## Material for this task
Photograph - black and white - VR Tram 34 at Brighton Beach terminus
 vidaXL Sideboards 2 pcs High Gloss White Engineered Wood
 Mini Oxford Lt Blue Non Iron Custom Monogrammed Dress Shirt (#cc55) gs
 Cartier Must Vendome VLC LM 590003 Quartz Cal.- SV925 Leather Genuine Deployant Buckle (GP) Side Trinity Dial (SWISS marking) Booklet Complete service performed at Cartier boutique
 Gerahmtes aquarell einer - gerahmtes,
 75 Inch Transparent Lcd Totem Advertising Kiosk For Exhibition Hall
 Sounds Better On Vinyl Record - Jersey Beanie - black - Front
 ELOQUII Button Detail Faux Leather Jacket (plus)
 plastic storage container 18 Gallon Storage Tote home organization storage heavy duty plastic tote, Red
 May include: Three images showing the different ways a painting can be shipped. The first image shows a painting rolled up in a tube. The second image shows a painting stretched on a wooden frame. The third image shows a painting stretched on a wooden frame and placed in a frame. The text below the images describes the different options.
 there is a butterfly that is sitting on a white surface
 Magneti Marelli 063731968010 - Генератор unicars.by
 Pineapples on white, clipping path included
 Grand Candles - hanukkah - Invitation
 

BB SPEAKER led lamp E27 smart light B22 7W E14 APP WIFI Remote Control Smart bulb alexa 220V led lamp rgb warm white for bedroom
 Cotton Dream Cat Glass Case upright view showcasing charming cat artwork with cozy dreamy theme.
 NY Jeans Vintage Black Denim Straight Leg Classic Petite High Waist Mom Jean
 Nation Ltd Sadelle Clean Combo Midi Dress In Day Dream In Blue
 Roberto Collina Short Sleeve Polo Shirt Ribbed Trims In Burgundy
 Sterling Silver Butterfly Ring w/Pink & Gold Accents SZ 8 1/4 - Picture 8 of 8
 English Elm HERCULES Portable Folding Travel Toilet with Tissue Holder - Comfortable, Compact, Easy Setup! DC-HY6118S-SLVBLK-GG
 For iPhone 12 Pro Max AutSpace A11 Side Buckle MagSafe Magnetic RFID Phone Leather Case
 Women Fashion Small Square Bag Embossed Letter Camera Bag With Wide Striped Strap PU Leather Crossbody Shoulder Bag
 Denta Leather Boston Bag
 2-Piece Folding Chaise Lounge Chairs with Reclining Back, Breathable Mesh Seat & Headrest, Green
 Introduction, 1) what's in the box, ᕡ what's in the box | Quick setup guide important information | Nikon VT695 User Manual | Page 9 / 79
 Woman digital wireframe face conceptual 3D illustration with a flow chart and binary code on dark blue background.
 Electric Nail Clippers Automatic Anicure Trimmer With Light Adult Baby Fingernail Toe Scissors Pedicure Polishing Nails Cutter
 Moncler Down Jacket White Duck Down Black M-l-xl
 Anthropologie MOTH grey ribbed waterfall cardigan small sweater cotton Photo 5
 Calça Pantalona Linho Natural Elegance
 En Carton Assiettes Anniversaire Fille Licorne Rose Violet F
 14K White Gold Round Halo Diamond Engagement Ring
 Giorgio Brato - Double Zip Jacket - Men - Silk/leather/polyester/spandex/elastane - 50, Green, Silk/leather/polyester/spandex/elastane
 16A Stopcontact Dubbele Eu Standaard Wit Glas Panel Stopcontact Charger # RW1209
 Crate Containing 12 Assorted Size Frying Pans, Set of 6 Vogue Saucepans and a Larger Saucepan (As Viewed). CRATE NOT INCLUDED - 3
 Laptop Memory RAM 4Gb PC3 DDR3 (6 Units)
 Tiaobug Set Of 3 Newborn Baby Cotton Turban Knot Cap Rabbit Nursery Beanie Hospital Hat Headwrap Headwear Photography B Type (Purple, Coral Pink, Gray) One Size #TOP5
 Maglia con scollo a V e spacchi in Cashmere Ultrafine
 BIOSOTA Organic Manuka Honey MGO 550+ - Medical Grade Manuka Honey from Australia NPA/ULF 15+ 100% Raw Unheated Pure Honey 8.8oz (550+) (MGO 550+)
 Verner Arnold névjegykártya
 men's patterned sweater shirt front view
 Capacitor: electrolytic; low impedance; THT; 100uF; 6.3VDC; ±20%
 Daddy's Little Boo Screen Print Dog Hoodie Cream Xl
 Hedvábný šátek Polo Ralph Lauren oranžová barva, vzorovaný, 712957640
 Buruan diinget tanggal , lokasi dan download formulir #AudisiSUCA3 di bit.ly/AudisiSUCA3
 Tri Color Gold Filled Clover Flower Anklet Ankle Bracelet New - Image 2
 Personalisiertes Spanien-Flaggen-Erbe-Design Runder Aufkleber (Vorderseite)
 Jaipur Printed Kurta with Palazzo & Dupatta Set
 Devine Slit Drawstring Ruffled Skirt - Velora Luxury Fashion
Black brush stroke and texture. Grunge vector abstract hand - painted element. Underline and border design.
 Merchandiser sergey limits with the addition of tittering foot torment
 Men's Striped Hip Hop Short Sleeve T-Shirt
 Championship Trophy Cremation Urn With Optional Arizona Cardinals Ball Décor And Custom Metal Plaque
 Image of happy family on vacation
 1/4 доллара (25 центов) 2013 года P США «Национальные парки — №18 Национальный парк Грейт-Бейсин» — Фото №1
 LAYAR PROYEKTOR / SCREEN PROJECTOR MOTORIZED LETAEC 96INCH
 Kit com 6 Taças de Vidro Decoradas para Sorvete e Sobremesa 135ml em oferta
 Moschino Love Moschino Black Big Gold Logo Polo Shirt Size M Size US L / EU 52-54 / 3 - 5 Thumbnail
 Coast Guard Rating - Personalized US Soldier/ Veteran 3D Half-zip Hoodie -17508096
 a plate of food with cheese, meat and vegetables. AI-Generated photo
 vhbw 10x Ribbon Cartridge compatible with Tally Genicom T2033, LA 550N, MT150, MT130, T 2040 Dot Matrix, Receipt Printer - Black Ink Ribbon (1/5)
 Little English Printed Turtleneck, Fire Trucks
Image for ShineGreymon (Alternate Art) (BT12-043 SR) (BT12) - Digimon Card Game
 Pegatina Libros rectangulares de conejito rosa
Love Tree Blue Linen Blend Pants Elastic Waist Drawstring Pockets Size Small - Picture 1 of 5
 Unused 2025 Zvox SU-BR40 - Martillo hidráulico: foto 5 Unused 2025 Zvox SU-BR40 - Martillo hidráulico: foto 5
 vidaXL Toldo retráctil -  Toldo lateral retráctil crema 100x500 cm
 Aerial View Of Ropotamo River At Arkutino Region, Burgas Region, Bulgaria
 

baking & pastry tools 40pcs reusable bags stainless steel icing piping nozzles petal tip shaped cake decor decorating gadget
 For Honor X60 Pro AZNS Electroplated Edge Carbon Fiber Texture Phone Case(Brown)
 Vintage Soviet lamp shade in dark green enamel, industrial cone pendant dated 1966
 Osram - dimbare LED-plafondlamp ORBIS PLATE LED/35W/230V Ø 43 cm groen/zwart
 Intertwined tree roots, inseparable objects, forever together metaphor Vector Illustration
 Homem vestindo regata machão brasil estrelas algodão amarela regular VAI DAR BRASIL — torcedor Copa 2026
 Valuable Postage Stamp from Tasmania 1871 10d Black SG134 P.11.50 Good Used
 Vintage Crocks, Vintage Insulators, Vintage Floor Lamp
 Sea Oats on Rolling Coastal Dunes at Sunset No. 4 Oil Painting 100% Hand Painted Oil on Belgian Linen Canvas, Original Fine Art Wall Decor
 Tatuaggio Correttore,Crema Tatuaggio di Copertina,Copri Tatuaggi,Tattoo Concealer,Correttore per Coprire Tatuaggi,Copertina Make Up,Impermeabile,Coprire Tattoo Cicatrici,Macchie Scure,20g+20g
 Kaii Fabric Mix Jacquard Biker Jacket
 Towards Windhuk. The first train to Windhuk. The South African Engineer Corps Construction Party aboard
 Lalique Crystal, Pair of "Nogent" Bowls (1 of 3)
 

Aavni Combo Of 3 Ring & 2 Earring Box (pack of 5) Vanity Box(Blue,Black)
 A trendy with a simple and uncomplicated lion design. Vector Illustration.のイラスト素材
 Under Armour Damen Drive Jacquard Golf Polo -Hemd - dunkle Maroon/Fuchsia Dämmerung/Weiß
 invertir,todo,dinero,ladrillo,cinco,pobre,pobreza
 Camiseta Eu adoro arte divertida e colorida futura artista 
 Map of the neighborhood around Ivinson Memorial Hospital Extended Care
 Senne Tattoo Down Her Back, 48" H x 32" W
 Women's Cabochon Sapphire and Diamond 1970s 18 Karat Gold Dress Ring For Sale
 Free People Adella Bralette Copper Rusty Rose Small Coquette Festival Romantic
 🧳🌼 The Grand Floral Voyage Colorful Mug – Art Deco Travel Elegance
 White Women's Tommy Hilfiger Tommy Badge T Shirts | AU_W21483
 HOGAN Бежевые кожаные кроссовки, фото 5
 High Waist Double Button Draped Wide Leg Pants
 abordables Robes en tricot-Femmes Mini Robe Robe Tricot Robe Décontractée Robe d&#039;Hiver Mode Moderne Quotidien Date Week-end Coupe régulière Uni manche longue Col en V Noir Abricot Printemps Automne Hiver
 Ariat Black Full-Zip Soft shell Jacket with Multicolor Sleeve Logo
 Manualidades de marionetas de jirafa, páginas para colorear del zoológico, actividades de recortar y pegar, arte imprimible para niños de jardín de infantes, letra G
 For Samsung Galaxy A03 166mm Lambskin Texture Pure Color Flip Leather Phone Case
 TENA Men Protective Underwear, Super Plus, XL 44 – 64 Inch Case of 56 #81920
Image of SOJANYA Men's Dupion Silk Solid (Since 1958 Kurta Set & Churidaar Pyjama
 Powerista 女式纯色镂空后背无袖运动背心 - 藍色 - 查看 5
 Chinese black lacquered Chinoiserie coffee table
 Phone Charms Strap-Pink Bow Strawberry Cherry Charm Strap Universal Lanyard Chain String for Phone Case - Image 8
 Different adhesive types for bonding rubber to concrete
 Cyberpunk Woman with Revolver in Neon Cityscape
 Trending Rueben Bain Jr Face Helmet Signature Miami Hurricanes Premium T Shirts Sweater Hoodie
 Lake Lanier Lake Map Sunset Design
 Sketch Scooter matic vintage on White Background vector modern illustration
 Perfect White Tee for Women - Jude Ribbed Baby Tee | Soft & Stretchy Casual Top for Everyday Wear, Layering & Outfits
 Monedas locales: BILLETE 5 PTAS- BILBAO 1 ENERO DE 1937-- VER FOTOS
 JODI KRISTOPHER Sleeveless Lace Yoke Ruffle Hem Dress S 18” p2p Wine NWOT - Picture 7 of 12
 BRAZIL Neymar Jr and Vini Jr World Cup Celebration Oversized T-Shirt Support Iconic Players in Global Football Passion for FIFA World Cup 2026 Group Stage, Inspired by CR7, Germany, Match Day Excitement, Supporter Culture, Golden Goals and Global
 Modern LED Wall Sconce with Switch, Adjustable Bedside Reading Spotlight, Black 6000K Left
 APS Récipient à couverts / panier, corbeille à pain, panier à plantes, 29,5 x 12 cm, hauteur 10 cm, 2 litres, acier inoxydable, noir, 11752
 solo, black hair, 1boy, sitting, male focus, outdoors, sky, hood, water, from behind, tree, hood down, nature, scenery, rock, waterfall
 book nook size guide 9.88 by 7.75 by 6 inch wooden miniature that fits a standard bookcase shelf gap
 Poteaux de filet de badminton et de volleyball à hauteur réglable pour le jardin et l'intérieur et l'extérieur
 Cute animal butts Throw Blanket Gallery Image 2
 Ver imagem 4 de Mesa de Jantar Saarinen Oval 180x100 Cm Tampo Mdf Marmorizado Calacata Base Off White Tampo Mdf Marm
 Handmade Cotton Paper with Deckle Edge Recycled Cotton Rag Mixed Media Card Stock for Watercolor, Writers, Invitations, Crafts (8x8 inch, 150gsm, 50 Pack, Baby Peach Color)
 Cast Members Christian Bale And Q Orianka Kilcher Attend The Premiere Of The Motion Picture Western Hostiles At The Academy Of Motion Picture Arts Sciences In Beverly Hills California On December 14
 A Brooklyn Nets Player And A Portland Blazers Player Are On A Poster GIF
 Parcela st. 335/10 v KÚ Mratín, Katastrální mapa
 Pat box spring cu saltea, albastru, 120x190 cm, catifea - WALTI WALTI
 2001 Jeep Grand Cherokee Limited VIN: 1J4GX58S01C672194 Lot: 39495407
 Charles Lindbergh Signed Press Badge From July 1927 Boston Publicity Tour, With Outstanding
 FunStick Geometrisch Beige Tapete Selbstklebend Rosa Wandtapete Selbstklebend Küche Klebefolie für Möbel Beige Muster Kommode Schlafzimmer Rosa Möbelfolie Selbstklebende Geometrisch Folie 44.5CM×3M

## Exercise
Give again, exactly and with nothing added, the lines running from the one that contains "Charles Lindbergh Signed" to the last line of the material.

## Answer for the task
 Charles Lindbergh Signed Press Badge From July 1927 Boston Publicity Tour, With Outstanding
 FunStick Geometrisch Beige Tapete Selbstklebend Rosa Wandtapete Selbstklebend Küche Klebefolie für Möbel Beige Muster Kommode Schlafzimmer Rosa Möbelfolie Selbstklebende Geometrisch Folie 44.5CM×3M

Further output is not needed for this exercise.